→ **Assigned task**
Reproduce exactly the lines below from the one containing "Manual Razor Stainless" through the one containing "Stansport 24 Pc.", including both, and nothing else.

*** Information provided ***

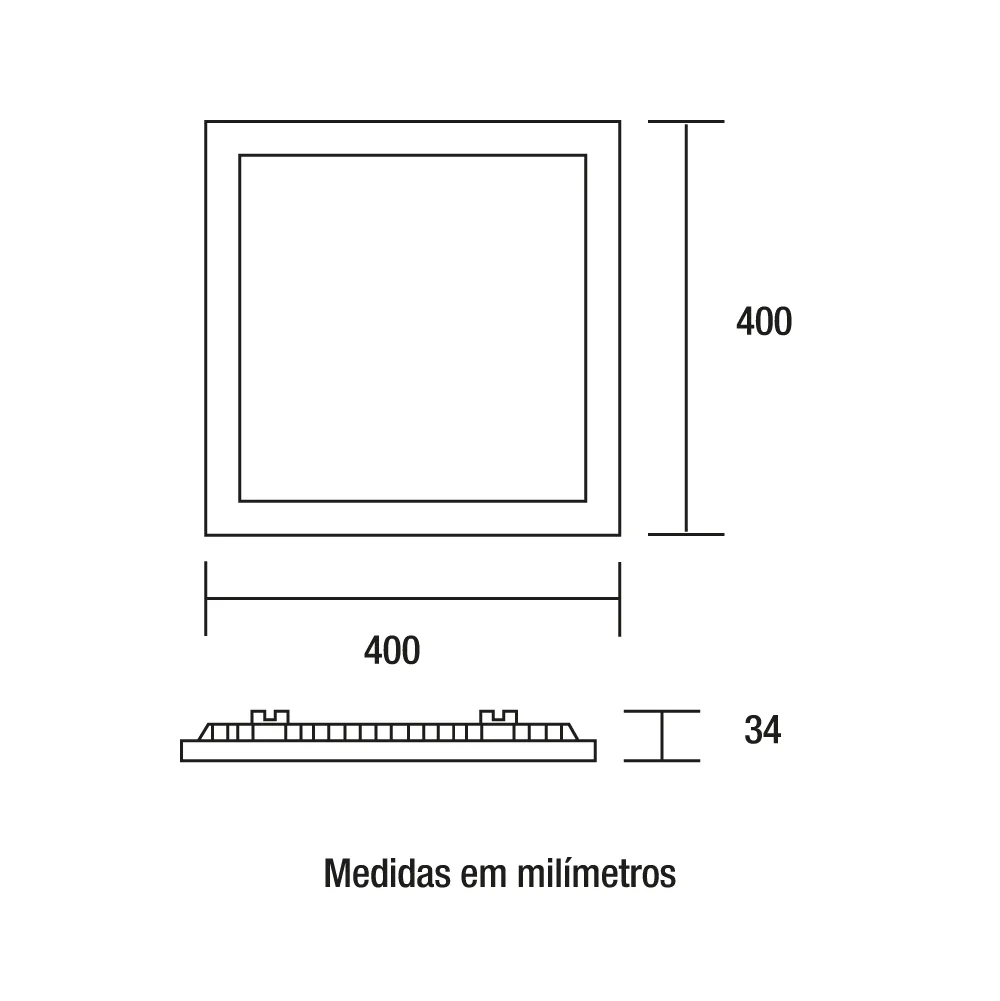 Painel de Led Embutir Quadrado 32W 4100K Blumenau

*** End of Information provided ***
*** Information provided ***

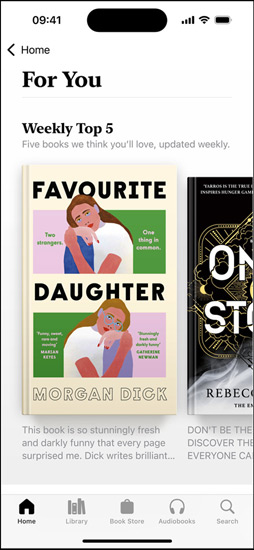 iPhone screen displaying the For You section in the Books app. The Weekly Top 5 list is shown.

*** End of Information provided ***
*** Information provided ***

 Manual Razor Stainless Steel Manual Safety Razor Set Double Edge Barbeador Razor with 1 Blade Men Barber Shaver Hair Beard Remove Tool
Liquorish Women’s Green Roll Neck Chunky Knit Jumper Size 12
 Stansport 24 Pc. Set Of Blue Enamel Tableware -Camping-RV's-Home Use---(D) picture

*** End of Information provided ***

→ **Solution for this task**
 Manual Razor Stainless Steel Manual Safety Razor Set Double Edge Barbeador Razor with 1 Blade Men Barber Shaver Hair Beard Remove Tool
Liquorish Women’s Green Roll Neck Chunky Knit Jumper Size 12
 Stansport 24 Pc. Set Of Blue Enamel Tableware -Camping-RV's-Home Use---(D) picture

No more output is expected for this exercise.